# Assignment
Exactly the lines from the one with "22岁出道，28岁成YSL宠" through the end of the data below must be set down, and no pictures with them.
*** Opening of Data under study ***
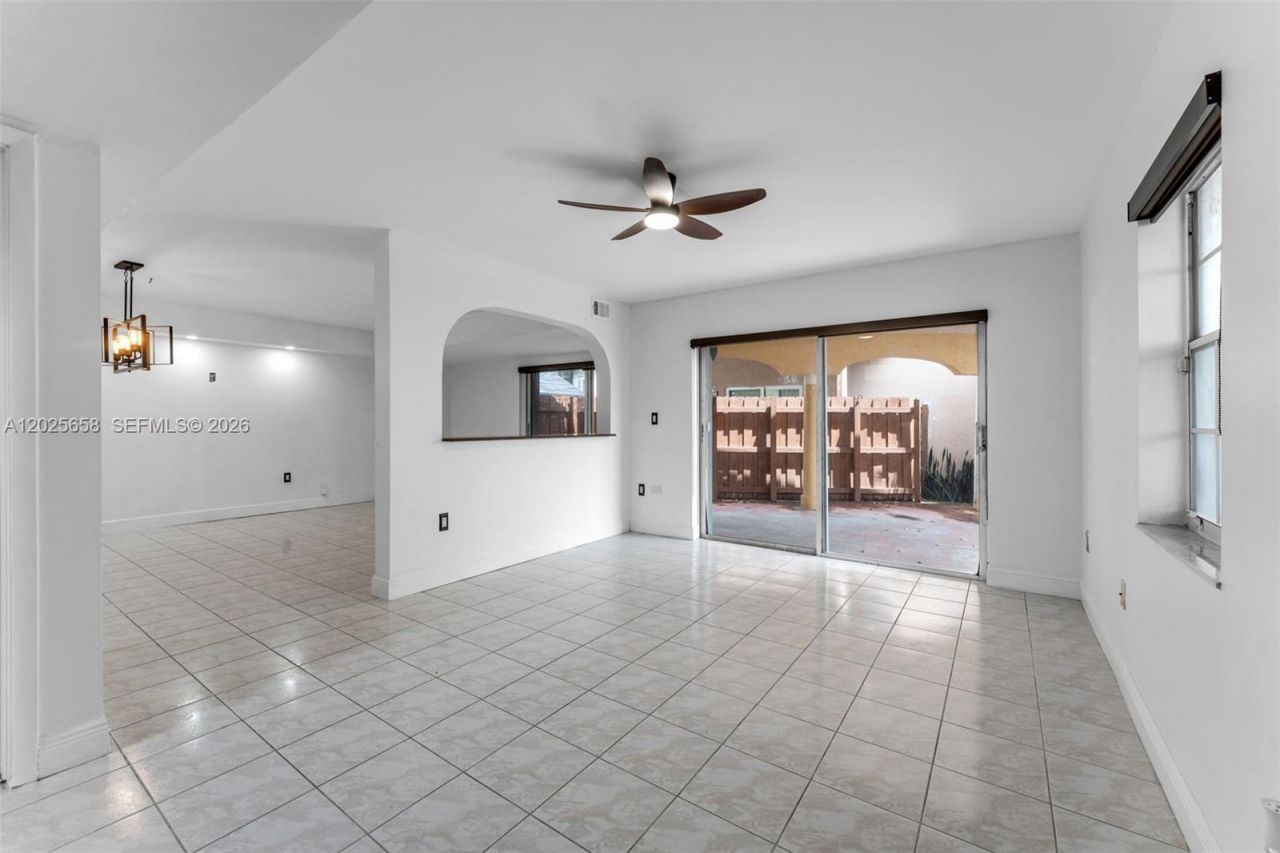 12682 NW 7th Way , Miami, FL 33182 Photo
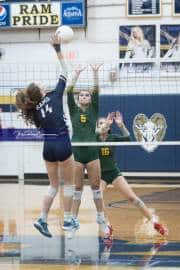 Volleyball: AC Reynolds and TC Roberson (BR3_1874)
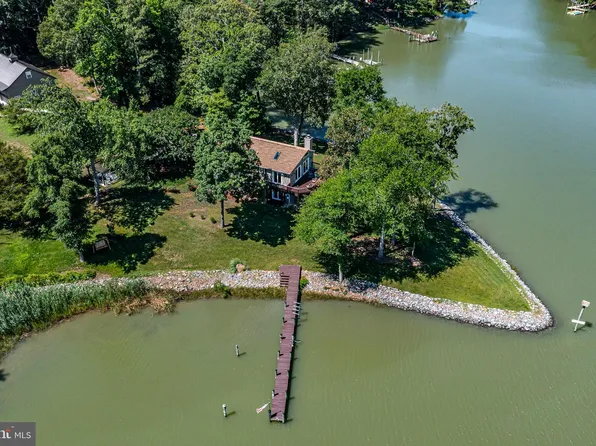 277 Emerald Cove Rd, Reedville, VA 22539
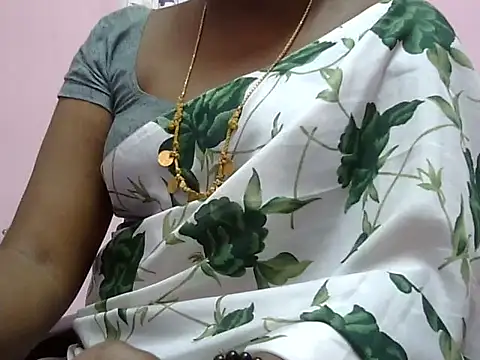 Snapshot of Hot_akshara chatting on 11.12.25 Hot akshara online show from 11.12.25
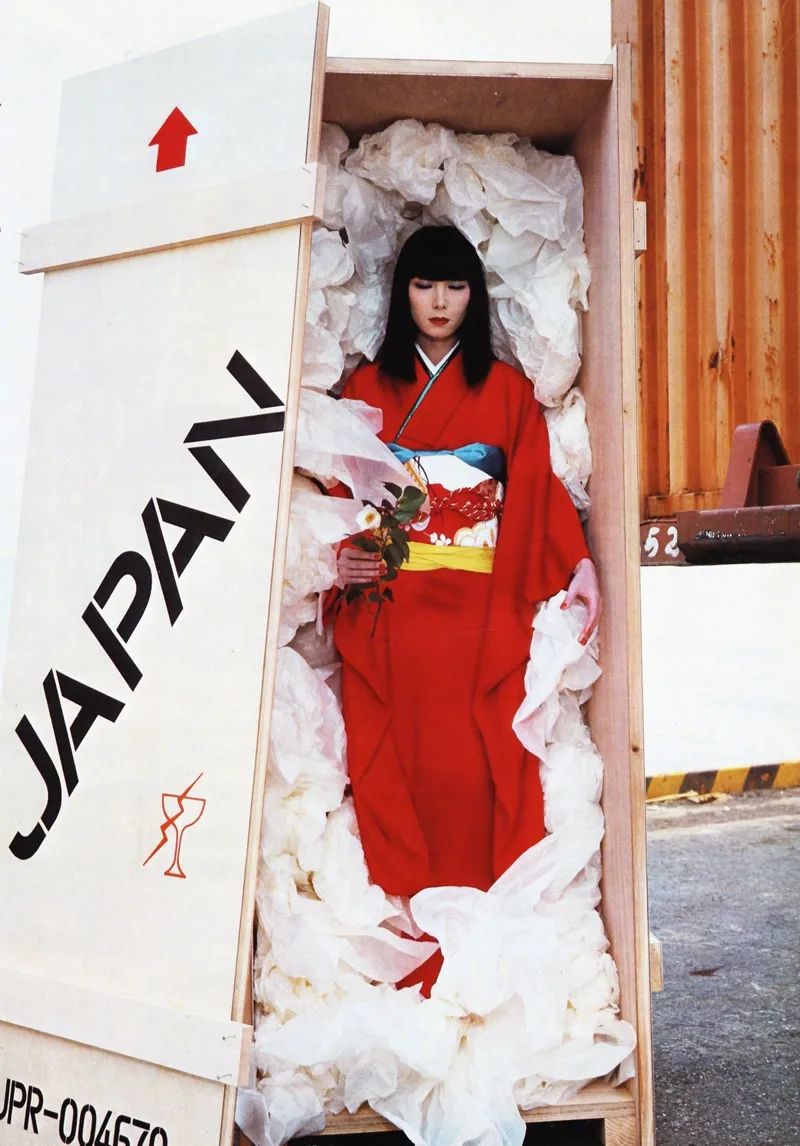 22岁出道，28岁成YSL宠儿，意外逝世13年，她仍是资生堂最爱的第一美人...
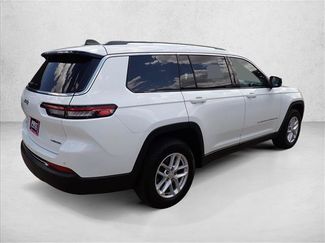 Used 2023 Jeep Grand Cherokee L Laredo w/ Trailer Tow Group (B) AWD/4WD video 4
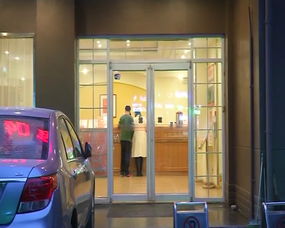 低头看手机摔成骨折，顾客向餐厅索赔6万7！真相竟是这样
*** Close of Data under study ***
# Response box
 22岁出道，28岁成YSL宠儿，意外逝世13年，她仍是资生堂最爱的第一美人...
 Used 2023 Jeep Grand Cherokee L Laredo w/ Trailer Tow Group (B) AWD/4WD video 4
 低头看手机摔成骨折，顾客向餐厅索赔6万7！真相竟是这样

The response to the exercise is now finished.